Mapping Air Quality in Australia
map-in-australia.Rmd
Here we walk through a basic workflow for working with OpenAQ data
inside airpurifyr
. The aim is to produce some plots about
the 2019-20
Australian Bushfire Season, where air quality was extremely
poor.
library(airpurifyr)
library(ozmaps)
library(sf)
library(dplyr)
library(ggplot2)
library(colorspace)
library(tsibble)
library(gganimate)
The first step when working with airpurifyr
is to set
your API key. Register your key at https://explore.openaq.org/register,
and set this key using set_openaq_api_key()
. Note you
can access data without an API key, but it is heavily
restricted, so the package will give you a warning for each query you
run without an API key set.
With your API key set, our first task is to find all the locations on the east coast of Australia. This is non-trivial, as the “locations” provided by OpenAQ related to sensors rather than physical locations. The easiest (but most API intensive) method to get locations is to download for a large region, and then filter.
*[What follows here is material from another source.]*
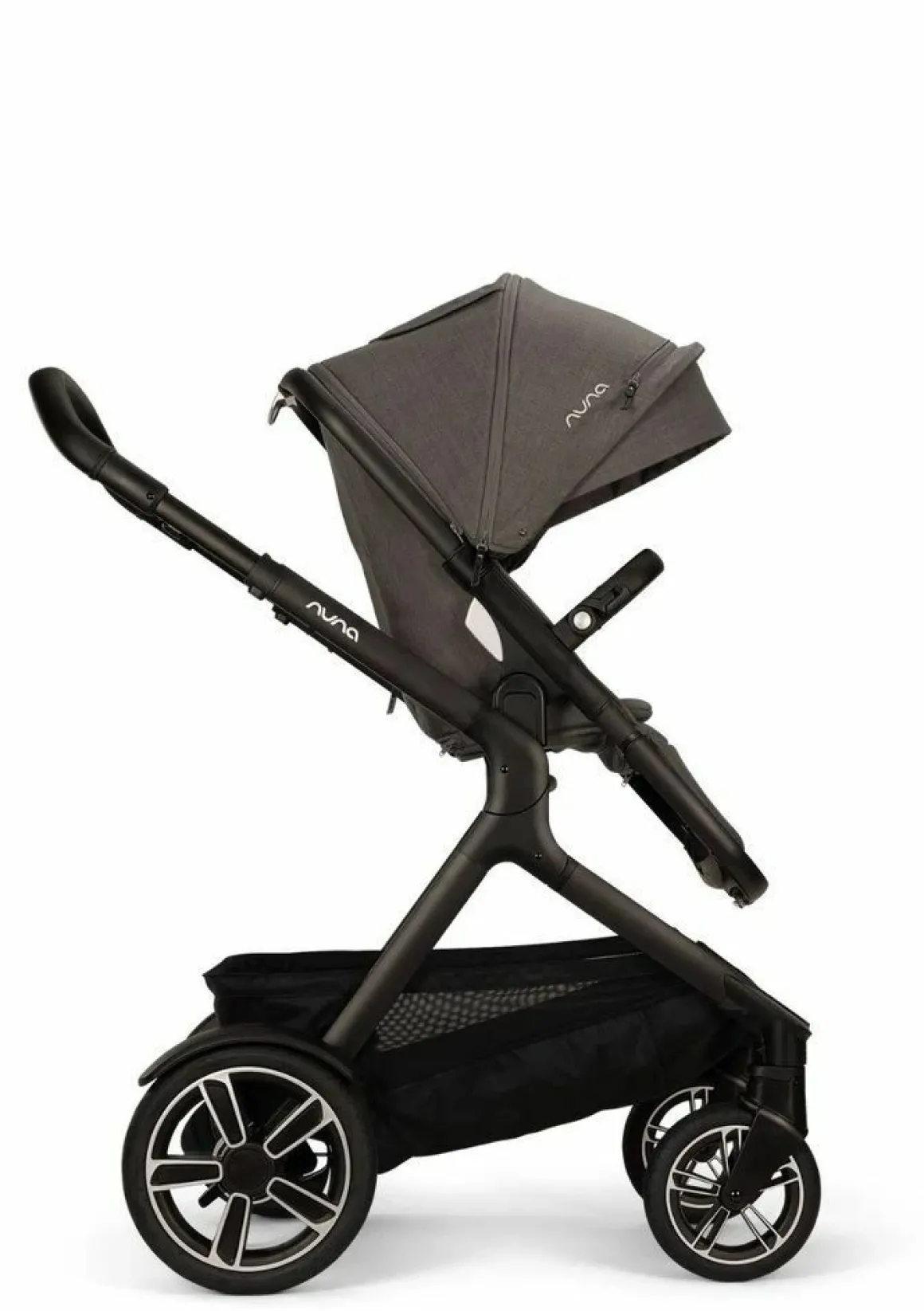 Nuna Kinderwagen 3 in 1 DEMI™ next Thunder + Autostoel Cloud T I Size + Cybex Draaibare Base T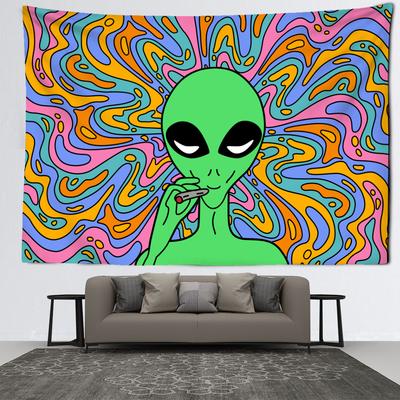 Psychedelic Vertigo Alien Tapestry Wall Hanging Abstract Hippie Tapies Witchcraft Mysterious Bohemian Dormitory Home Decor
all_aus_locations <- get_measurements_for_location(
country = "AU",
max_observations = 1000,
date_from = lubridate::ymd("2020-01-01"),
date_to = lubridate::ymd("2020-01-14"),
parameter = "pm25"
)
Here, we have asked for data from Australia, from 1 Jan 2020 to 14 Jan 2020, restricted to pm2.5. Restricting the date range and the parameter means that we need less API calls. Considering we are only using this data to get a list of stations, the smaller the set the better.
We recommend using about two weeks of time to get locations, as not all sensors report on all days.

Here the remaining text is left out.